If there is one wine producing region most guilty of runaway price inflation (and there are a few), then it is probably Bordeaux. The commodification of this (still) heralded wine has rendered most of its great names inaccessible to all but the wealthiest collectors, BUT hope remains…
While prices in Burgundy are driven by high demand on exceptionally limited supply (for the best grand and 1er crus at least), the Chateaux of Bordeaux actually produce quite a large number of bottles. The classified ‘growths’ are so well regarded for their ability to age for decades, that their popularity has turned them into a commodity to be traded like stocks (futures anyone?) and their prestige attracts those wishing to show off rather than enjoy the darn bottle. The attraction of Bordeaux to wealthy citizens of the world, including more recently China and Japan, has also been stoked aggressively by the Bordelaise, helping to drive up demand among people for whom money is no object.
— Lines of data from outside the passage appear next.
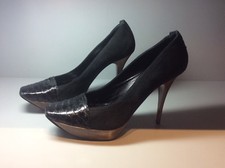 Woman gianmarco lorenzi for sale  LONDON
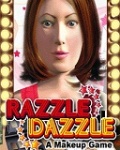 Razzle Dazzle mobile app for free download
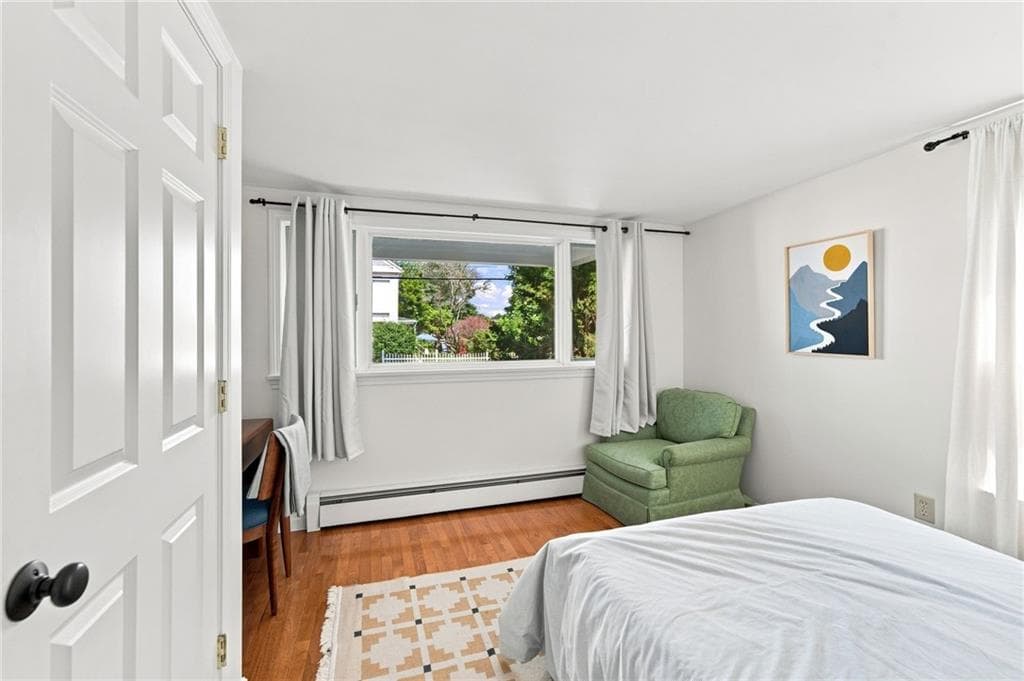 76 Pleasant Street photo 47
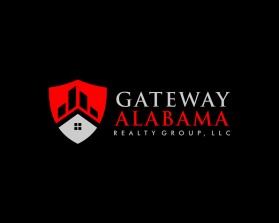 Gateway Alabama Realty Group, LLC  entry by LukeMAGZ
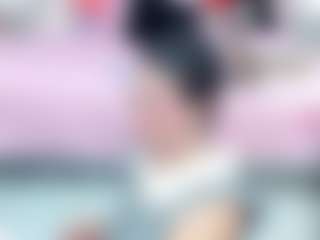 Live cam show with SAFIRO-AGATA - Black on livesuperchat.net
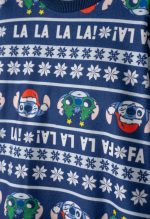 Παιδική πυζάμα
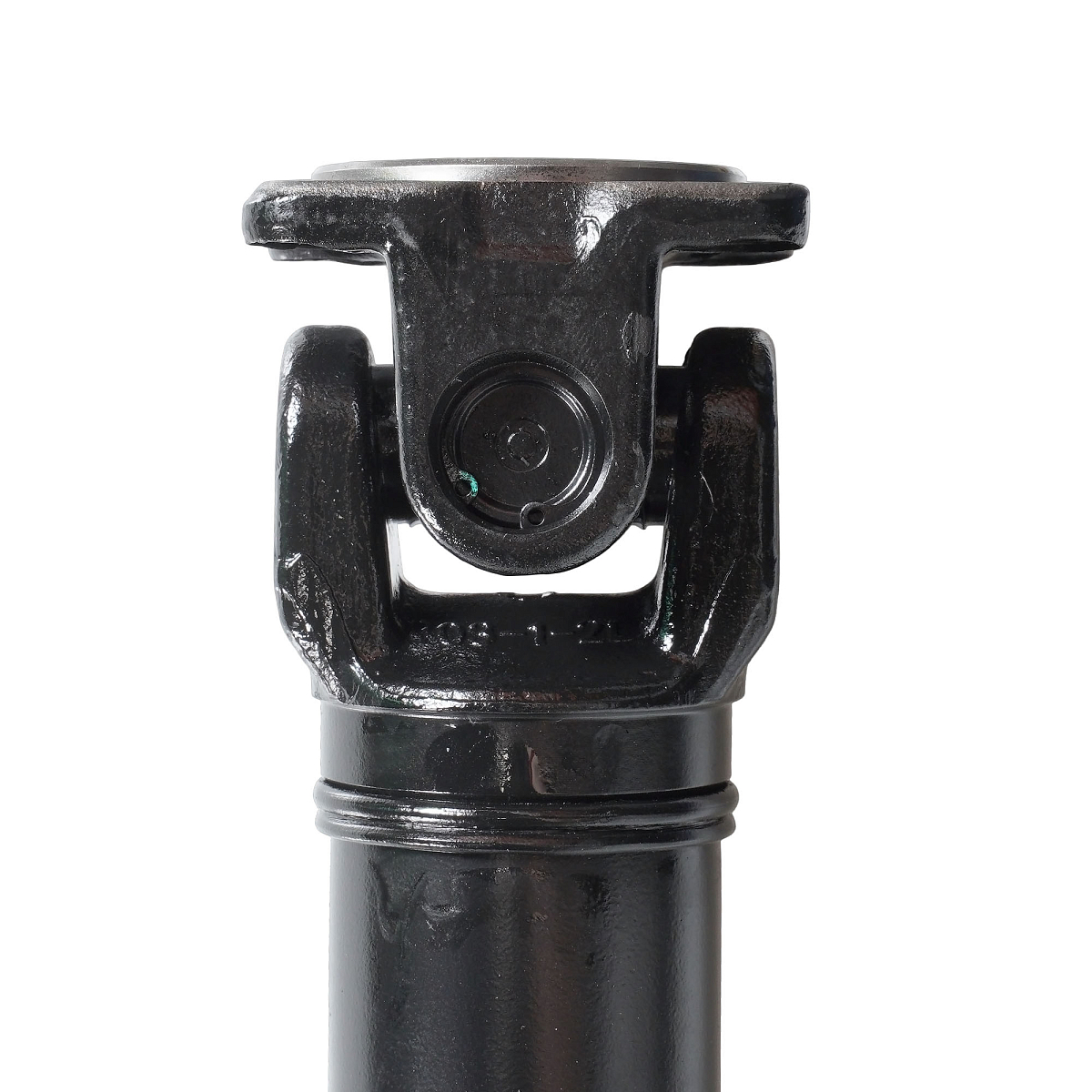 Карданный вал в сборе для автомобилей Honda CR-V I (95-) задний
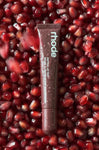 Rhоdе lip tint in PBJ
That cynical rant aside, there are still some remarkable cru bourgeois and even some 4th and 5th growth Bordeaux wines that remain firmly in the relative value territory. Today we try two Haut-Medoc wines, one that trades for < $20 and one ~ $30 in most vintages. What’s extraordinary about these delightful wines (besides being reasonably priced) is that they have all the legendary longevity of great Bordeaux, offering a fascinating evolution that will please for 20 years at least.
The story goes that Lanessan was not included in the 1855 classification because the proprietor simply did not want to send in free samples to the committee. Their loss, but our gain. Lanessan trades in the mid-teens on release, and given their large production, lots of matured bottles occasionally appear in major outlets like K&L. A new oenologist was brought in starting with the 2015 vintage, and while critical reception has been highly positive (best Lanessan ever, and that sort of thing), the jury is still out as to whether or not it will maintain its classic, age-worthy Bordeaux character.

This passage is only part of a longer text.